Singularity Hub Daily
Singularity Hub Daily
Episode • Nov 9, 2021 • 8m
When it comes to brain computing, timing is everything. It’s how neurons wire up into circuits. It’s how these circuits process highly complex data, leading to actions that can mean life or death. It’s how our brains can make split-second decisions, even when faced with entirely new circumstances. And we do so without frying the brain from extensive energy consumption.
To rephrase, the brain makes an excellent example of an extremely powerful computer to mimic—and computer scientists and engineers have taken the first steps towards doing so. The field of neuromorphic computing looks to recreate the brain’s architecture and data processing abilities with novel hardware chips and software algorithms. It may be a pathway towards true artificial intelligence.
But one crucial element is lacking. Most algorithms that power neuromorphic chips only care about the contribution of each artificial neuron—that is, how strongly they connect to one another, dubbed “synaptic weight.” What’s missing—yet tantamount to our brain’s inner working—is timing.

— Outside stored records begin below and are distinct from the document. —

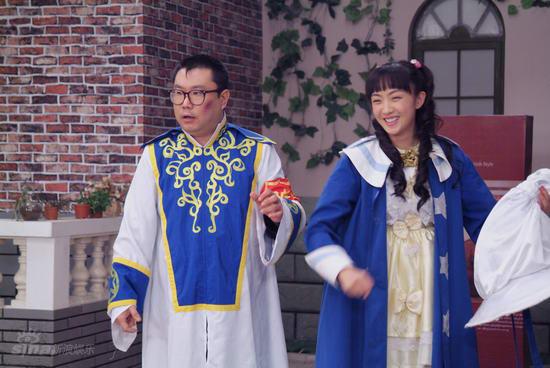 资料图片:情景剧《糊涂小天使》精彩剧照(25)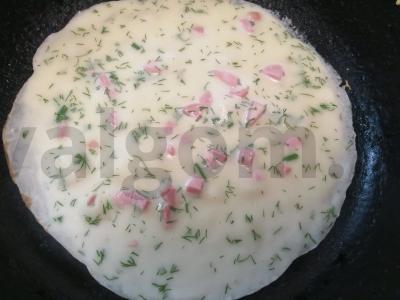 Pieniniai blynai su krapais ir dešrelėmis Žingsnis 6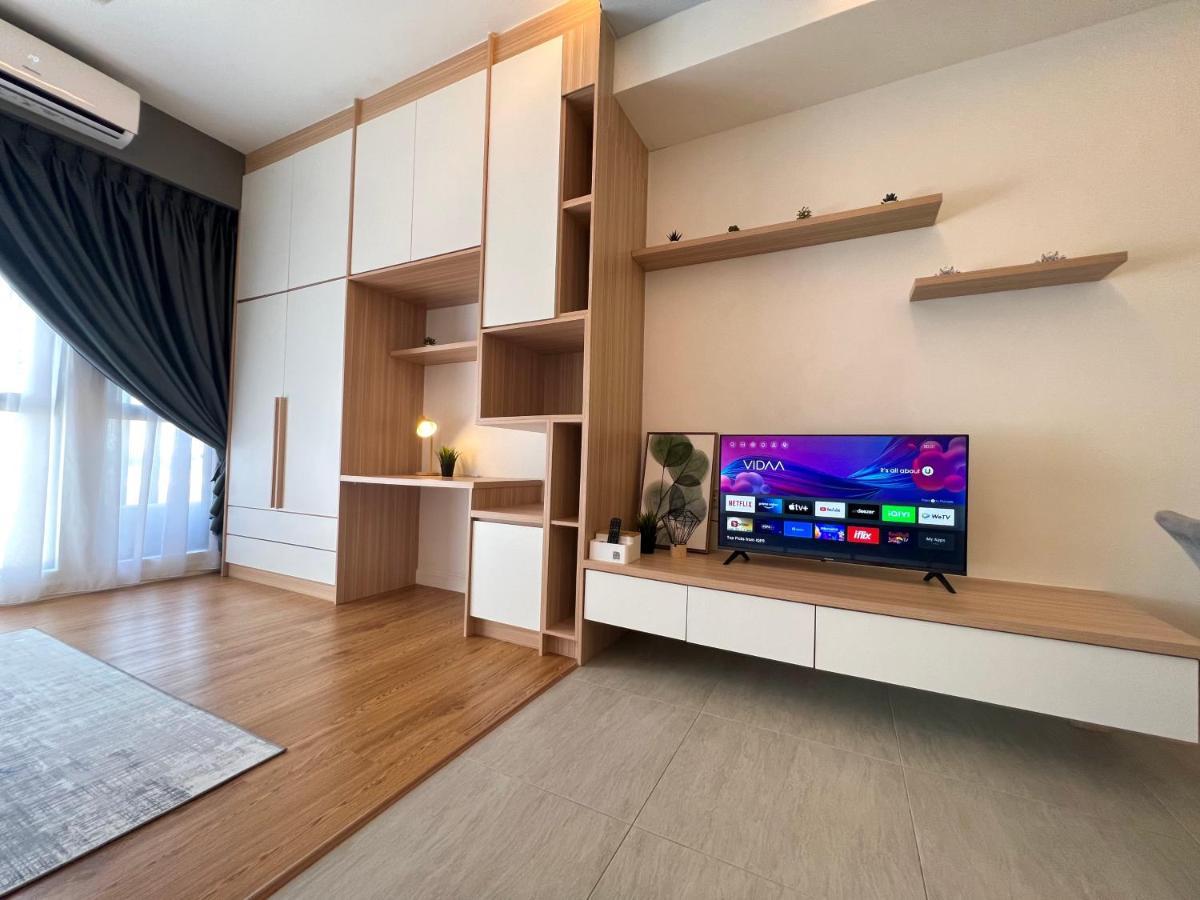 Free Parking # 2 Bed Family Bellsuite - Klia Kota Warisan * Sepang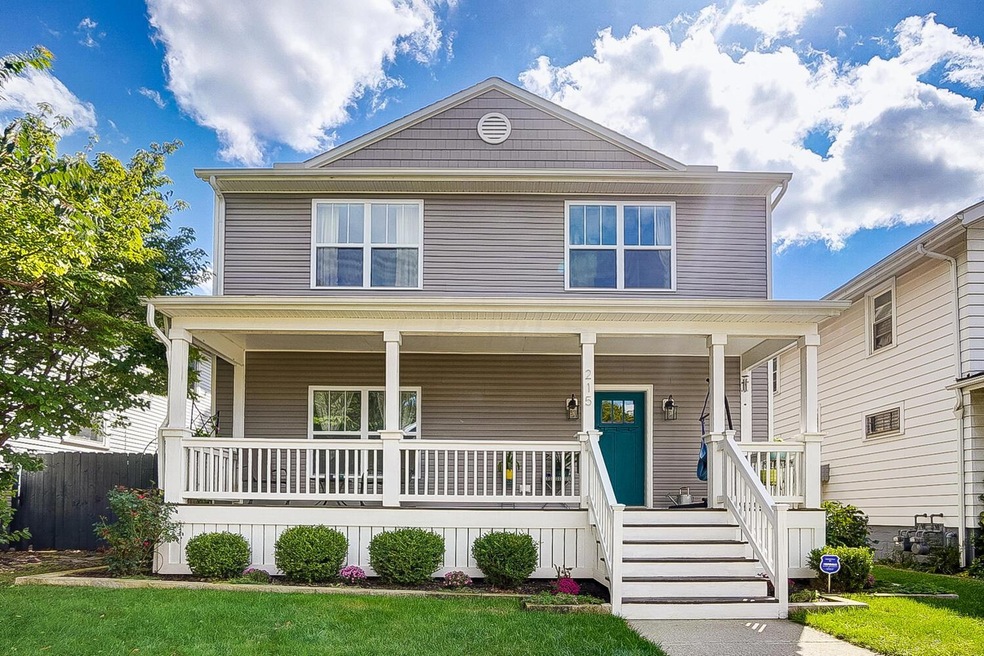 215 Frebis Ave, Columbus, OH 43206 - photo 1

This month, a team affiliated with the Human Brain Project, the European Union’s flagship big data neuroscience endeavor, added the element of time to a neuromorphic algorithm. The results were then implemented on physical hardware—the BrainScaleS-2 neuromorphic platform—and pitted against state-of-the-art GPUs and conventional neuromorphic solutions.

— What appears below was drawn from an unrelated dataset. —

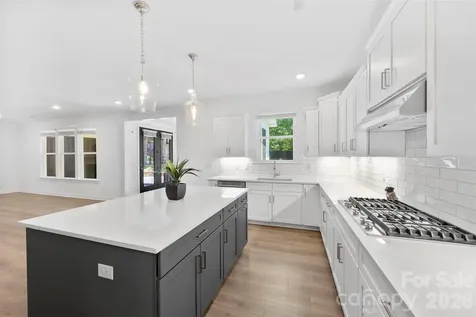16709 Mckee Road Charlotte NC 28278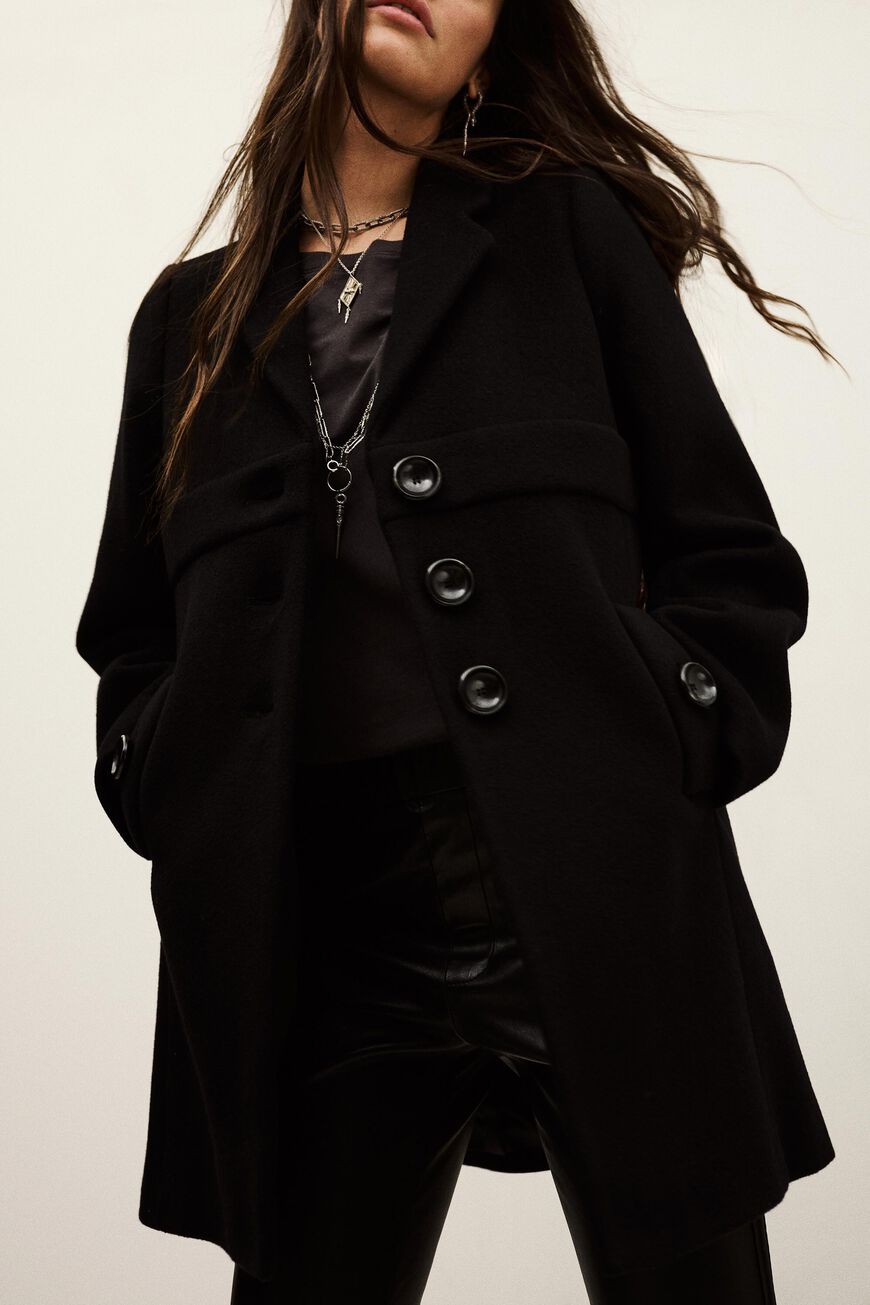coat THEA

“Compared to the abstract neural networks used in deep learning, the more biological archetypes.still lag behind in terms of performance and scalability” due to their inherent complexity, the authors said.
In several tests, the algorithm compared “favorably, in terms of accuracy, latency, and energy efficiency” on a standard benchmark test, said Dr. Charlotte Frenkel at the University of Zurich and ETH Zurich in Switzerland, who was not involved in the study. By adding a temporal component into neuromorphic computing, we could usher in a new era of highly efficient AI that moves from static data tasks—say, image recognition—to one that better encapsulates time. Think videos, biosignals, or brain-to-computer speech.
To lead author Dr. Mihai Petrovici, the potential goes both ways. “Our work is not only interesting for neuromorphic computing and biologically inspired hardware. It also acknowledges the demand . to transfer so-called deep learning approaches to neuroscience and thereby further unveil the secrets of the human brain,” he said.
Let’s Talk Spikes
At the root of the new algorithm is a fundamental principle in brain computing: spikes.
Let’s take a look at a highly abstracted neuron. It’s like a tootsie roll, with a bulbous middle section flanked by two outward-reaching wrappers. One side is the input—an intricate tree that receives signals from a previous neuron. The other is the output, blasting signals to other neurons using bubble-like ships filled with chemicals, which in turn triggers an electrical response on the receiving end.
Here’s the crux: for this entire sequence to occur, the neuron has to “spike.” If, and only if, the neuron receives a high enough level of input—a nicely built-in noise reduction mechanism—the bulbous part will generate a spike that travels down the output channels to alert the next neuron.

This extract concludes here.